Life-sized representation of Richard Pearis at the Upcountry History Museum, Greenville, South Carolina

One of the earliest uses of the mountain by the city of Greenville was as a source of water between 1890 and 1916. Numerous lakes and dams in the park were built in 1890 by the Greenville City Water System as part of the reservoir.[6] In 1928 Table Rock Reservoir was put into service, and the use of Paris Mountain as a water supply declined.[5]

The mountain also had other uses. In the 1890s, a popular resort resided on Paris Mountain named Altamont Hotel. However, the resort failed and was sold to N. J. Holmes, who in turn, founded a Bible institute on the site.[5] The institute was first known as Altamont Bible and Missionary Institute and later as Holmes Bible College.

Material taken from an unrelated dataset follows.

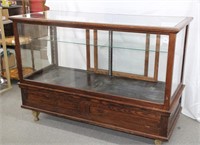 (A) ANTIQUE DISPLAY CABINET #4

The college opened its doors in 1898.[14] The institute was later sold to another citizen, and the building later suffered a fire in 1920.[5]

The state park on Paris Mountain was built in the 1930s by the Depression-era Civilian Conservation Corps (CCC).[2][10] Sixteen other parks in the state of South Carolina were also created due to the work of the CCC.[10] The land for the park was acquired in 1935 from the city of Greenville.[6]

The nearby liberal arts college, Furman University, founded in 1826, is located near the foot of the mountain for which the park is named.[14][15]